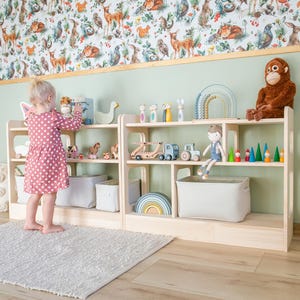Set of 3 Montessori Wooden Toy Shelves: Small, Medium and Large | Toddler toy shelf | Spielzeugregal | Playroom Furniture
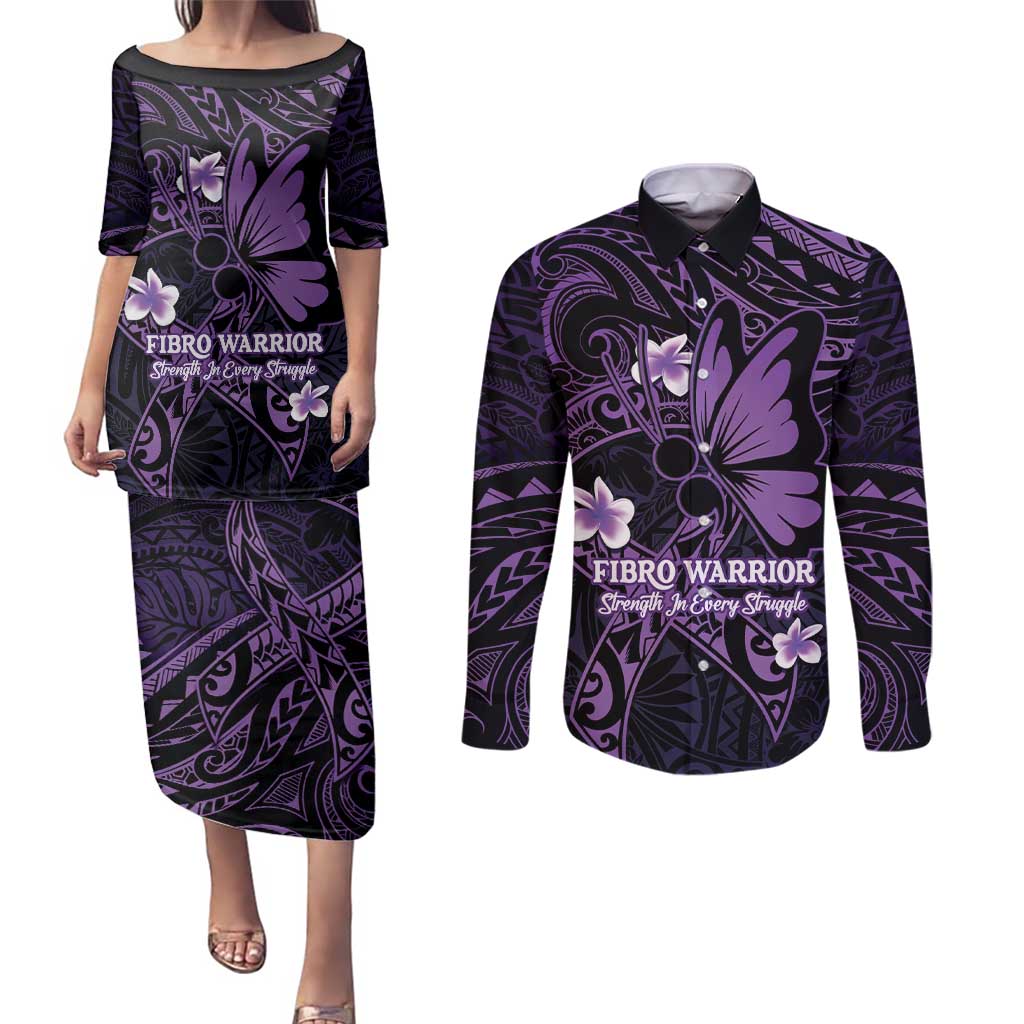 Personalised Fibromyalgia Awareness Month Couples Matching Puletasi and Long Sleeve Button Shirt Fibro Warrior Strength In Every Struggle LT14 Purple - Polynesian Pride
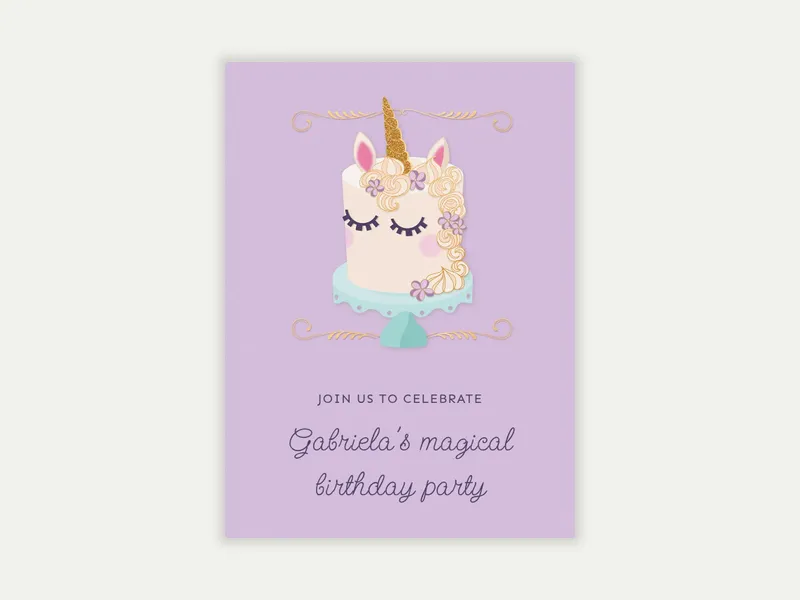 Unicorn Cake Invitation free template design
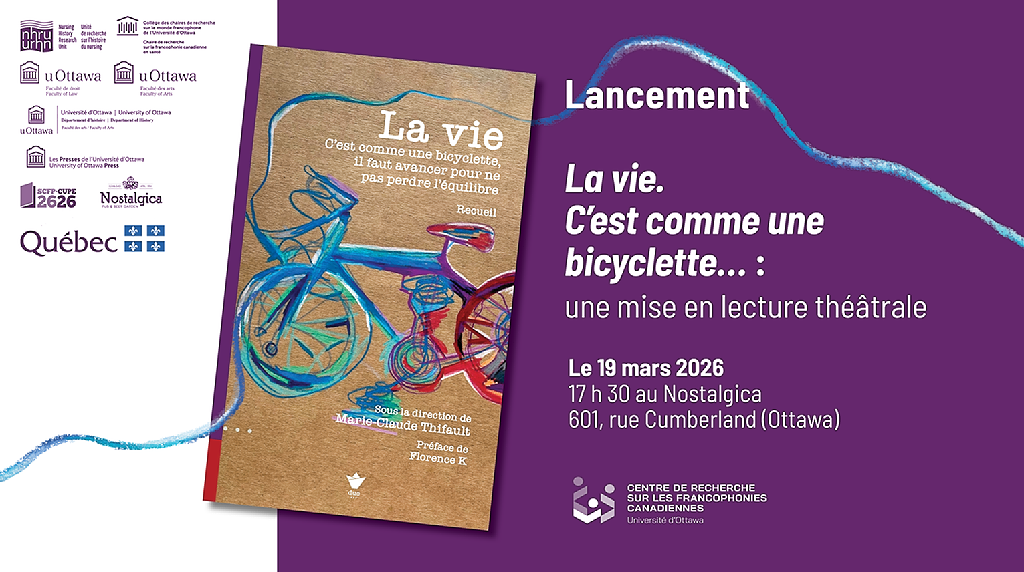 Book launch poster featuring the theatrical reading event by Professor Marie-Claude Thifault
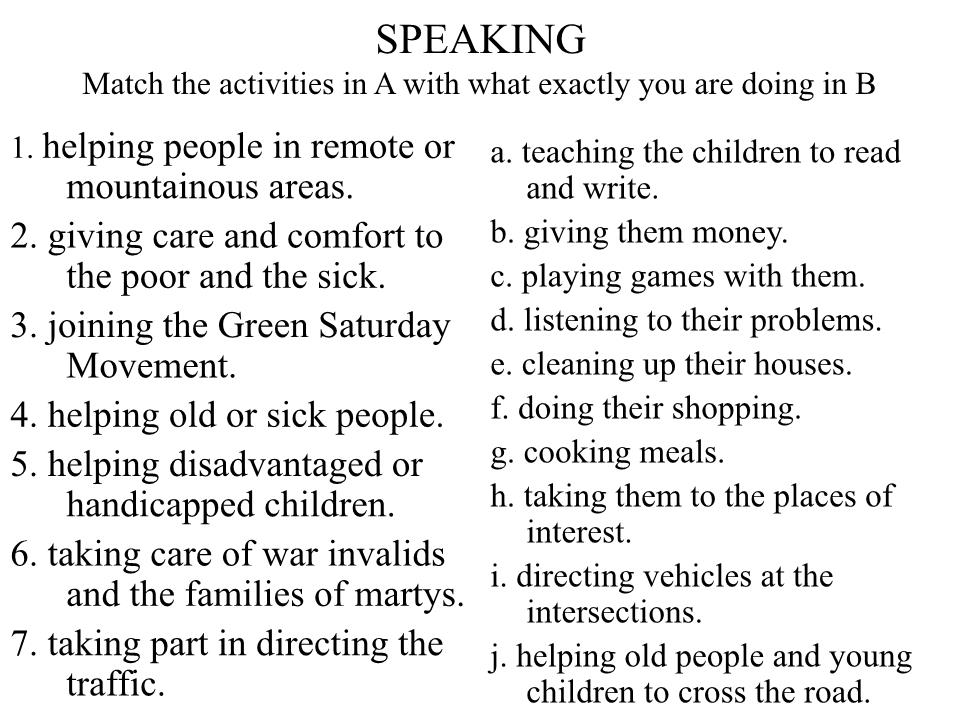 Bài giảng môn Tiếng Anh Lớp 11 - Unit 4: Caring for those in need - Lesson: Speaking trang 2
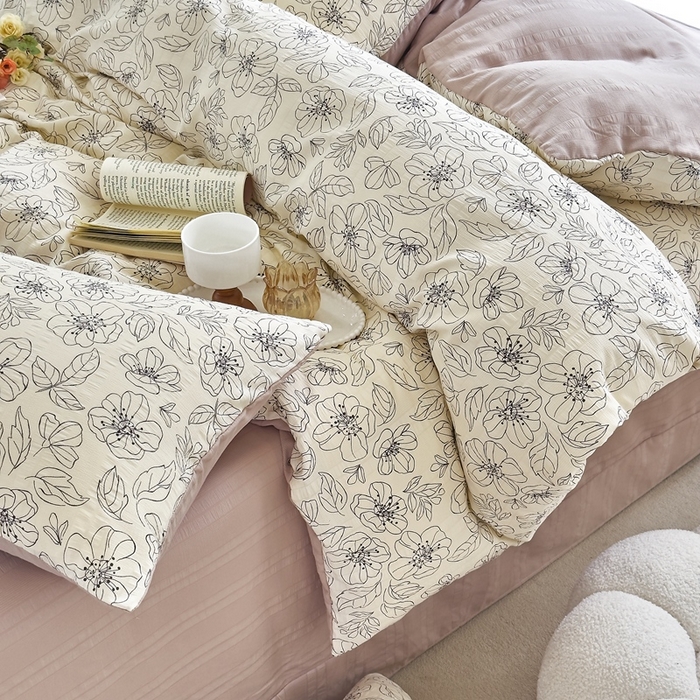 91家纺网 家纺一手货源 找家纺 富之航 2024新款云纱棉四件套现货供应 花漾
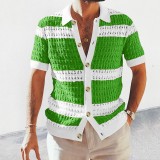 2023 fashion casual loose comfortable plaid short-sleeved blouse men's shirts summer cardigan beach wear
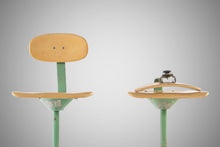 Load image into Gallery viewer, Pair of Industrial Adjustable Metal Drafting Stools / Barstools by Adjusto Equipment, c. 1940s-ABT Modern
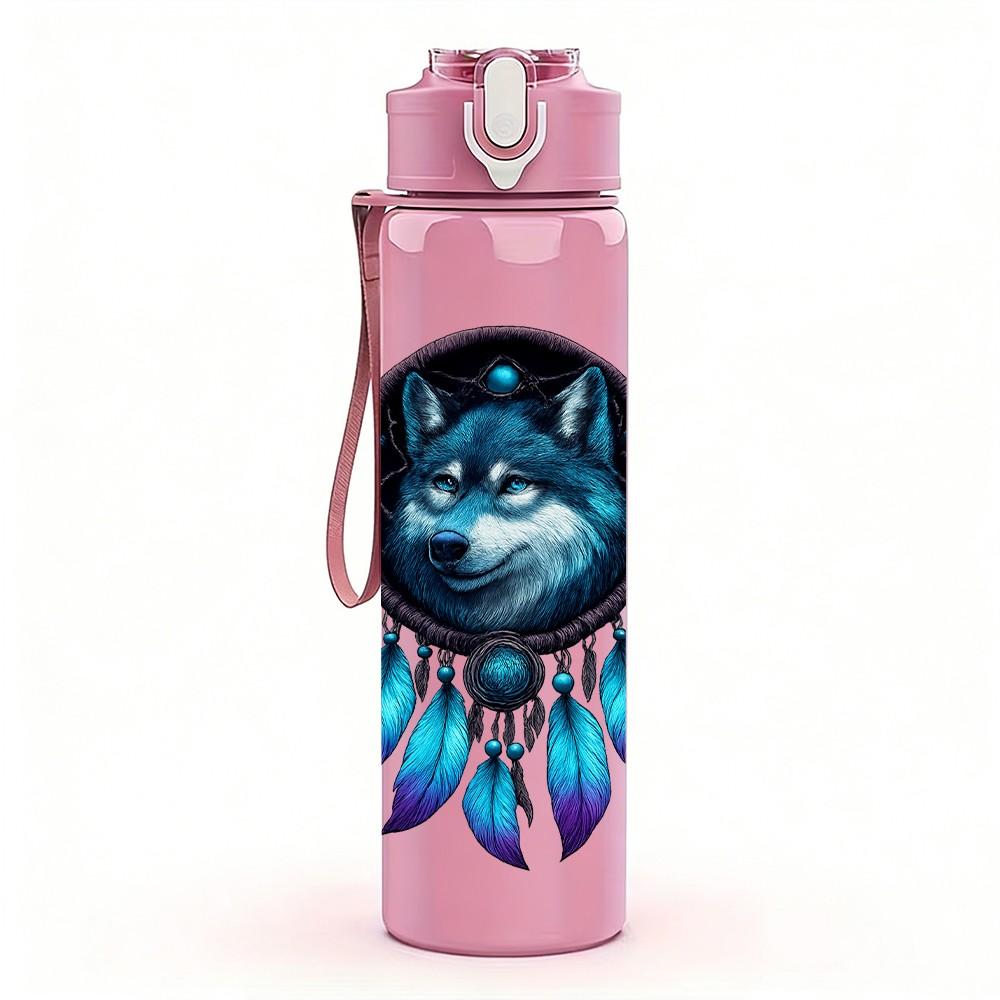 1PC Wolf Feather Dreamcatcher Art 750ml Color Plastic Sports Water Bottle Leakproof Flip Straw Lid Suitable for Sports Office Home Use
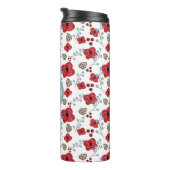 Winter Florals Poppies en Berries Monogram Thermosbeker (Geroteerd rechts)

Task directions:
Please restate all of the listing above word for word, with no pictures.

Solution to the problem:
Set of 3 Montessori Wooden Toy Shelves: Small, Medium and Large | Toddler toy shelf | Spielzeugregal | Playroom Furniture
 Personalised Fibromyalgia Awareness Month Couples Matching Puletasi and Long Sleeve Button Shirt Fibro Warrior Strength In Every Struggle LT14 Purple - Polynesian Pride
 Unicorn Cake Invitation free template design
 Book launch poster featuring the theatrical reading event by Professor Marie-Claude Thifault
 Bài giảng môn Tiếng Anh Lớp 11 - Unit 4: Caring for those in need - Lesson: Speaking trang 2
 91家纺网 家纺一手货源 找家纺 富之航 2024新款云纱棉四件套现货供应 花漾
 2023 fashion casual loose comfortable plaid short-sleeved blouse men's shirts summer cardigan beach wear
 Load image into Gallery viewer, Pair of Industrial Adjustable Metal Drafting Stools / Barstools by Adjusto Equipment, c. 1940s-ABT Modern
 1PC Wolf Feather Dreamcatcher Art 750ml Color Plastic Sports Water Bottle Leakproof Flip Straw Lid Suitable for Sports Office Home Use
 Winter Florals Poppies en Berries Monogram Thermosbeker (Geroteerd rechts)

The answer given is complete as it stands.